» What needs to be done: Transcribe the listing that follows in full, exactly, and drop its images.

» Material provided:
* * * * * * * * *
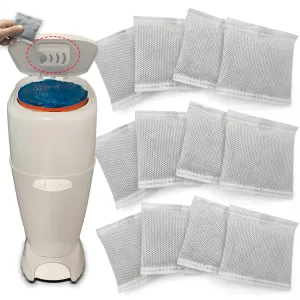 12PCS Diaper Pail Deodorizers Odor Absorber Carbon Filter Refills Compatible with Complete and Expressions Pail | Air Purifying Bag Absorb Odors, Keep Home Fresh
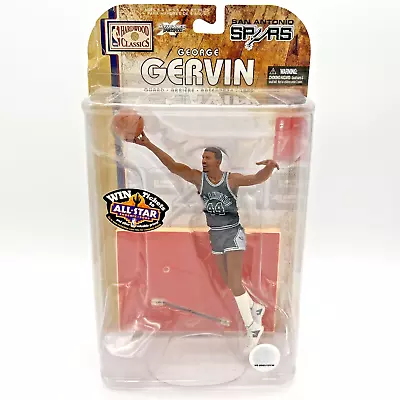 McFarlane Sports Picks SA Spurs GEORGE GERVIN NBA Legends Series 4 Action Figure • $24.99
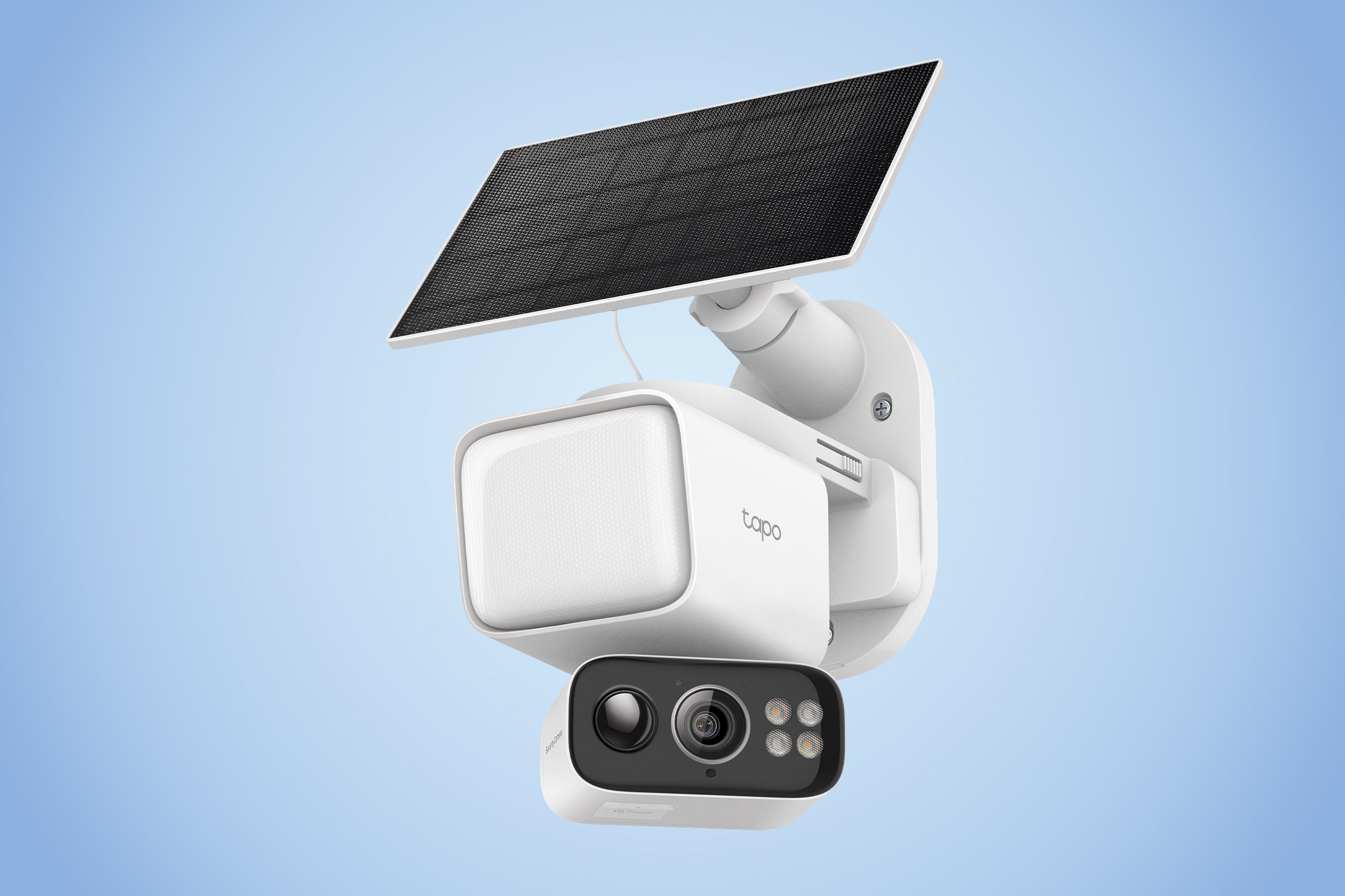 tapo s new solar floodlight camera soaks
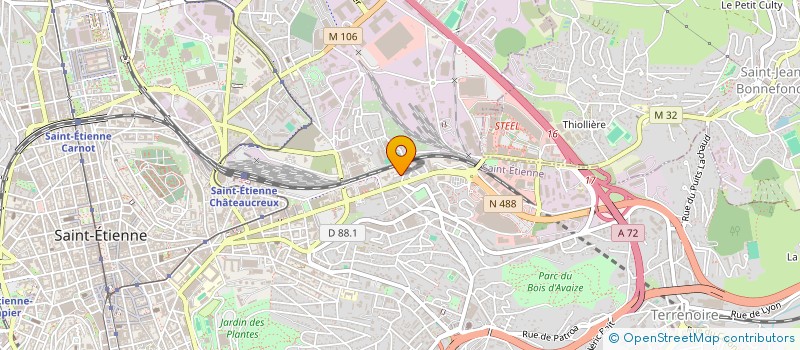 localisation de l'entreprise BAU-CONCEPT à SAINT-ETIENNE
* * * * * * * * *
» Answer section:
 12PCS Diaper Pail Deodorizers Odor Absorber Carbon Filter Refills Compatible with Complete and Expressions Pail | Air Purifying Bag Absorb Odors, Keep Home Fresh
 McFarlane Sports Picks SA Spurs GEORGE GERVIN NBA Legends Series 4 Action Figure • $24.99
 tapo s new solar floodlight camera soaks
 localisation de l'entreprise BAU-CONCEPT à SAINT-ETIENNE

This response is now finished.